Northeast conflict leaves Nigeria in $100b economic loss – UNICEF
The United Nations Children’s Fund (UNICEF) Wednesday in Abuja said Nigeria has recorded nothing less than $100 billion loss in the last 10 years due to the conflict in the Northeastern part of the country.
With devastating impacts on human lives, especially children, the loss is about two times the size of the nation’s 2023 $47 billion national budget and almost the size of the nation’s total debt, which the Debt Management Office put at $108.30 billion.
Speaking at the launch of a report on “The Economic Cost of Conflict in North East Nigeria UNICEF Representative in Nigeria, Cristian Munduate said over 6,400 grave violations were verified by the United Nations in Nigeria between 2017 and 2021, adding that the grave violations reflect the compound cost in the lives and futures for Nigerian children.
While the prevailing development is already hurting Nigeria’s Gross Domestic Product (GDP) by almost 3 per cent, the report shows that the losses could exceed $200 billion by 2030 if concerted efforts are not urgently taken.

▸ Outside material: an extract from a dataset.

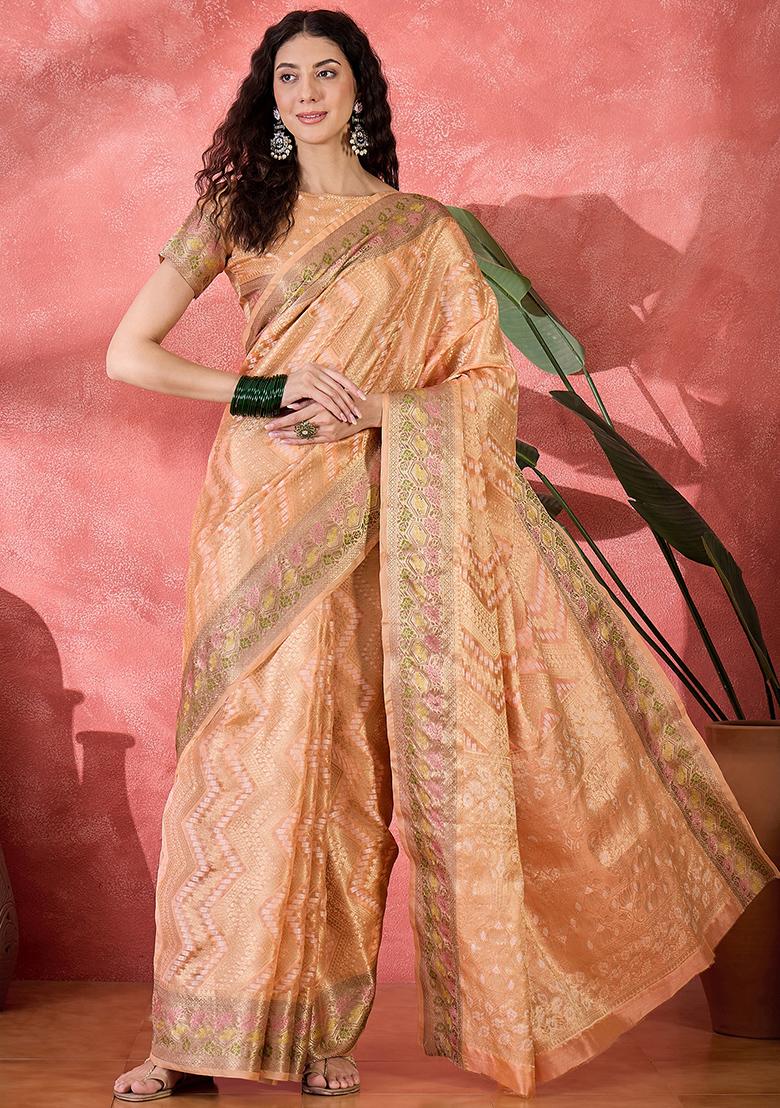 Peach Zari Woven Rangkat Bandhani Saree Rangkat Silk Saree Set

Affecting not only the conflicted region but the country as a whole, the study reveals that as of 2021, the Nigerian economy was 2.5 per cent smaller than it would have been without the conflict, equating to a cumulative loss of approximately $100 billion over the last ten years.
The report noted that over 2 million people currently remain displaced, and around one million children have missed school due to the armed conflict.
“The data collected brings a harrowing reality into sharp focus. This isn’t merely a localized issue; the economic and social repercussions of this conflict are felt nationwide and beyond. However, the greatest tragedy lies in the impact on our children – their disrupted education and the violation of their basic rights are losses that cannot be quantified,” Munduate said.
“Even if we anticipate a reduction in conflict effects over the next ten years, the Nigerian economy still faces profound cumulative losses. The ‘scarring’ effect of this drawn-out conflict may inhibit the economy from achieving its full potential, putting the nation’s future prosperity in jeopardy.
“The time to act is now. The future of our children and our nation’s economic growth are at stake. We must prioritize peace and the protection of children’s rights to ensure a brighter future for Nigeria.”